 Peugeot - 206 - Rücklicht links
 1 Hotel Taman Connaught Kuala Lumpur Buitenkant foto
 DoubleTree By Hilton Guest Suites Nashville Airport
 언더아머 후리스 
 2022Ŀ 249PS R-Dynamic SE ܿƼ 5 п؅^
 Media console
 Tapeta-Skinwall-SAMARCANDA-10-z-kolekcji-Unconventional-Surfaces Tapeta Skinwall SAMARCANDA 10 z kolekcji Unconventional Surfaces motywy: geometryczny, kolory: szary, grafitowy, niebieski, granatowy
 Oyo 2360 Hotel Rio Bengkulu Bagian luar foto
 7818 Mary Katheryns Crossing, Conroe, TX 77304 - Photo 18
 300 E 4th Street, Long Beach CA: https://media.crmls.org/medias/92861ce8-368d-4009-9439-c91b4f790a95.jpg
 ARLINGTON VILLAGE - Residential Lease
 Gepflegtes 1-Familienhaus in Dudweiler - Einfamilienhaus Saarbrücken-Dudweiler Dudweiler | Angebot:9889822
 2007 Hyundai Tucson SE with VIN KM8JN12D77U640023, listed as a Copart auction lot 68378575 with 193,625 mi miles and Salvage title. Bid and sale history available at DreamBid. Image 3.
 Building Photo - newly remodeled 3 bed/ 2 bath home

◆ **BRIEF**: The data, all of it, should be transcribed exactly.

◆ **REPLY**:
 Peugeot - 206 - Rücklicht links
 1 Hotel Taman Connaught Kuala Lumpur Buitenkant foto
 DoubleTree By Hilton Guest Suites Nashville Airport
 언더아머 후리스 
 2022Ŀ 249PS R-Dynamic SE ܿƼ 5 п؅^
 Media console
 Tapeta-Skinwall-SAMARCANDA-10-z-kolekcji-Unconventional-Surfaces Tapeta Skinwall SAMARCANDA 10 z kolekcji Unconventional Surfaces motywy: geometryczny, kolory: szary, grafitowy, niebieski, granatowy
 Oyo 2360 Hotel Rio Bengkulu Bagian luar foto
 7818 Mary Katheryns Crossing, Conroe, TX 77304 - Photo 18
 300 E 4th Street, Long Beach CA: https://media.crmls.org/medias/92861ce8-368d-4009-9439-c91b4f790a95.jpg
 ARLINGTON VILLAGE - Residential Lease
 Gepflegtes 1-Familienhaus in Dudweiler - Einfamilienhaus Saarbrücken-Dudweiler Dudweiler | Angebot:9889822
 2007 Hyundai Tucson SE with VIN KM8JN12D77U640023, listed as a Copart auction lot 68378575 with 193,625 mi miles and Salvage title. Bid and sale history available at DreamBid. Image 3.
 Building Photo - newly remodeled 3 bed/ 2 bath home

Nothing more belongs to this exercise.